## [Recorded data]
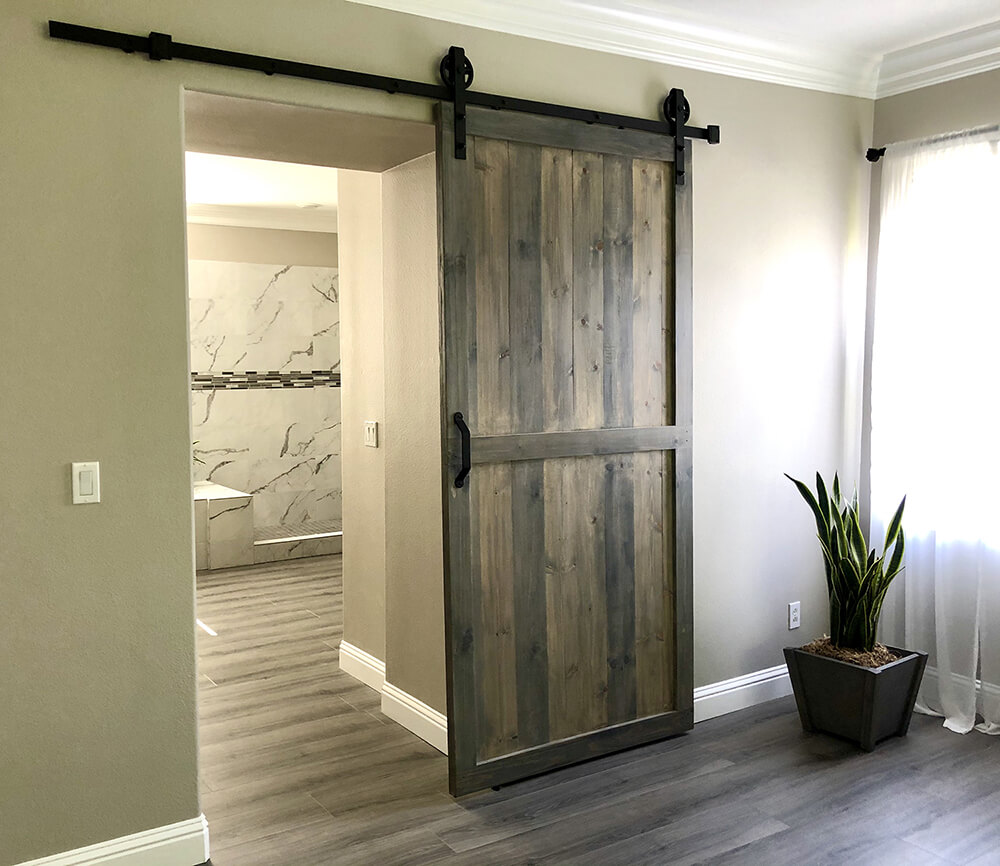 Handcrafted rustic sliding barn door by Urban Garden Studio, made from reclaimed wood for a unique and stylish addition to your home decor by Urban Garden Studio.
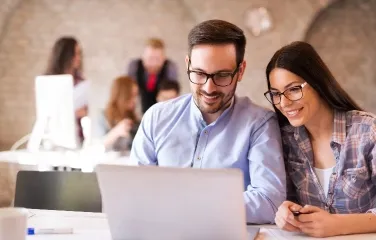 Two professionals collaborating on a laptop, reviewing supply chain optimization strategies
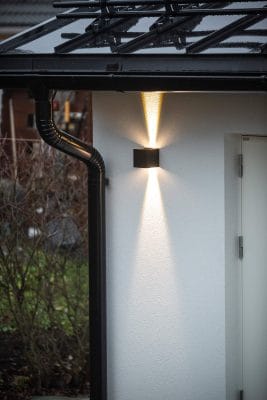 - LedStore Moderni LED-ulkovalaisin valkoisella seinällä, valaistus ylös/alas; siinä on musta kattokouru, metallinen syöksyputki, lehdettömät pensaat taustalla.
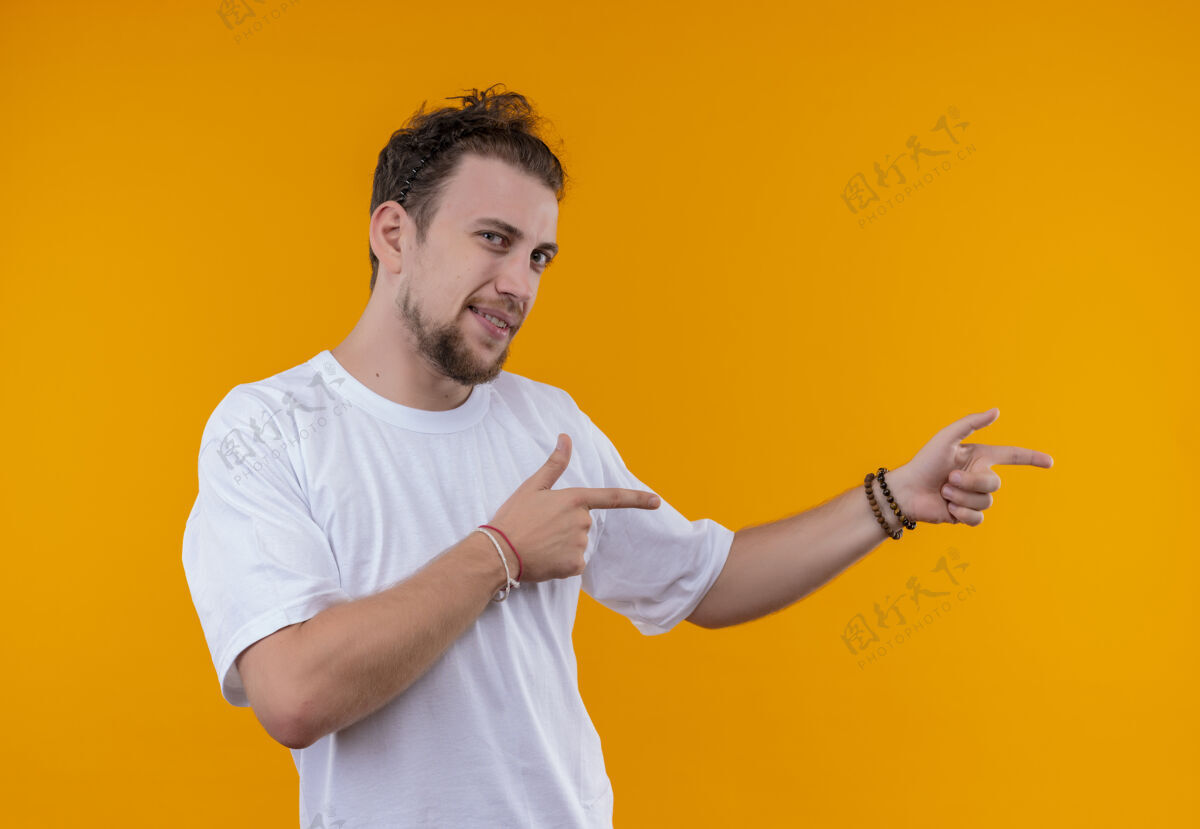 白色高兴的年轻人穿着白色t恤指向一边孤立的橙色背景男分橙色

## [Directions]
Beginning at the line that contains "Two professionals collaborating", transcribe it and every later line through the last line of the data above, exactly, and drop the pictures.

## [Written solution]
 Two professionals collaborating on a laptop, reviewing supply chain optimization strategies
 - LedStore Moderni LED-ulkovalaisin valkoisella seinällä, valaistus ylös/alas; siinä on musta kattokouru, metallinen syöksyputki, lehdettömät pensaat taustalla.
 白色高兴的年轻人穿着白色t恤指向一边孤立的橙色背景男分橙色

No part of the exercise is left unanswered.